Would you return the listing that follows exactly, leaving its pictures behind?

GIVEN DATA>
==*==

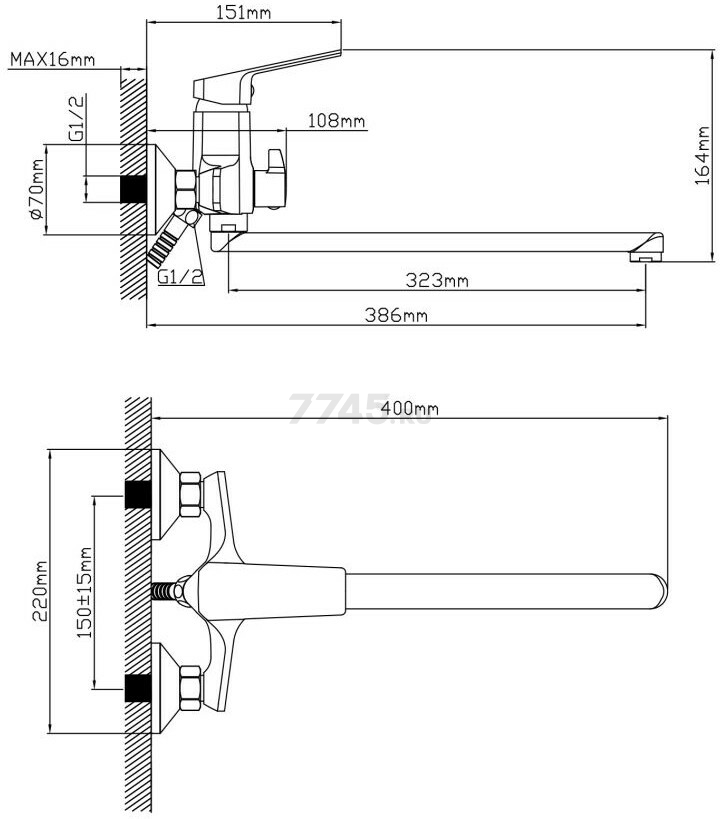 Смеситель для ванны AV ENGINEERING Win black (AVWIN7-BL165-122) - Фото 2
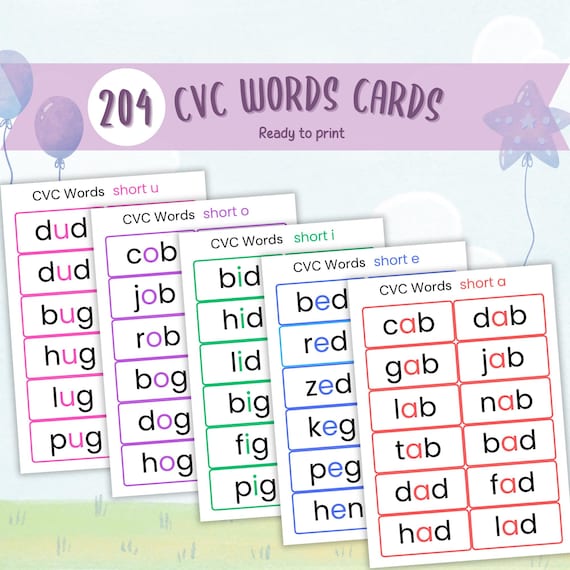 CVC Words Flashcards, Kindergarten Phonics Printable, Word Families, Short Vowels, Digital Download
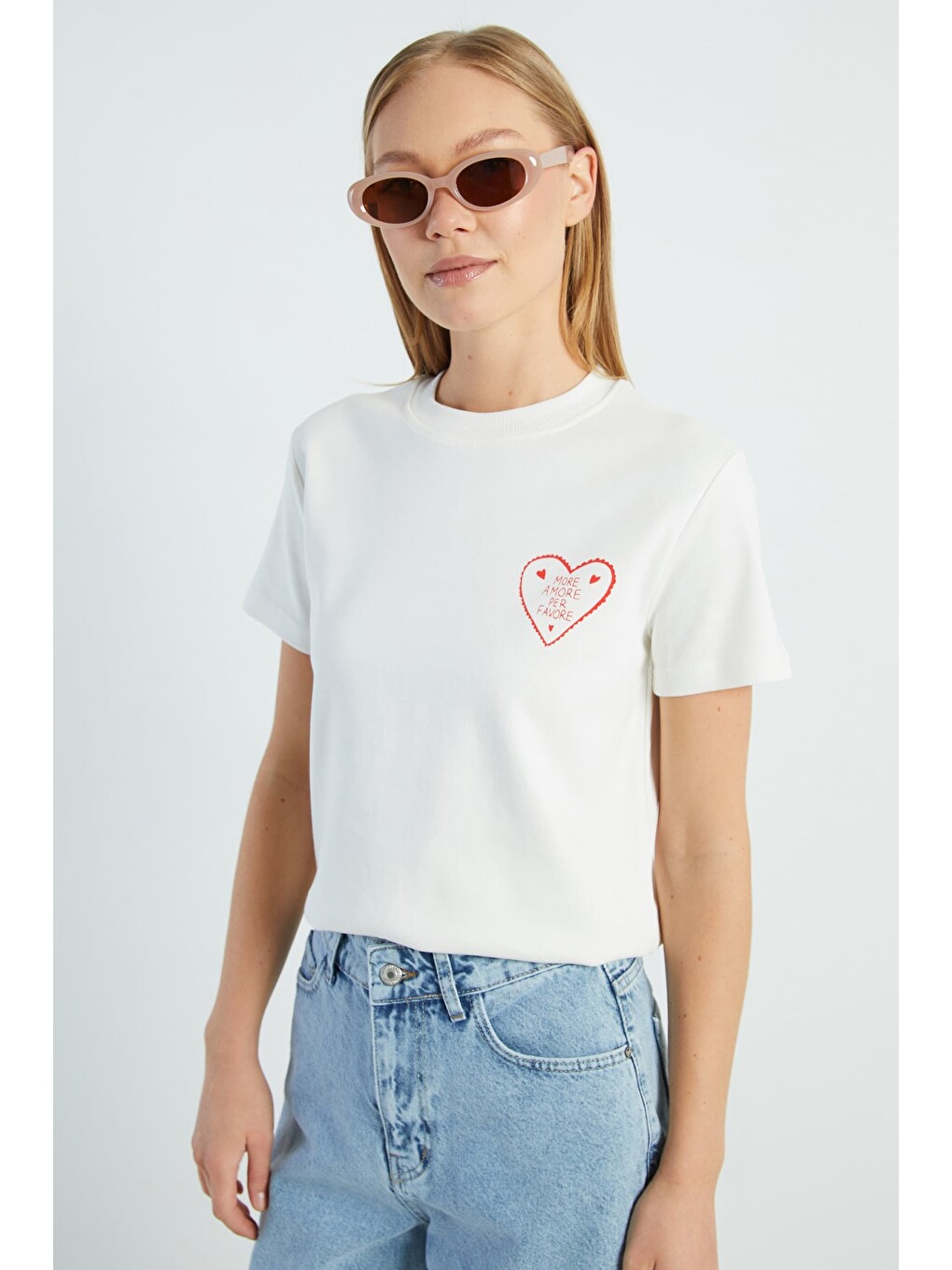 Ekru More Amore Per Favore Baskılı Tişört-4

==*==

WORKED SOLUTION>
 Смеситель для ванны AV ENGINEERING Win black (AVWIN7-BL165-122) - Фото 2
 CVC Words Flashcards, Kindergarten Phonics Printable, Word Families, Short Vowels, Digital Download
 Ekru More Amore Per Favore Baskılı Tişört-4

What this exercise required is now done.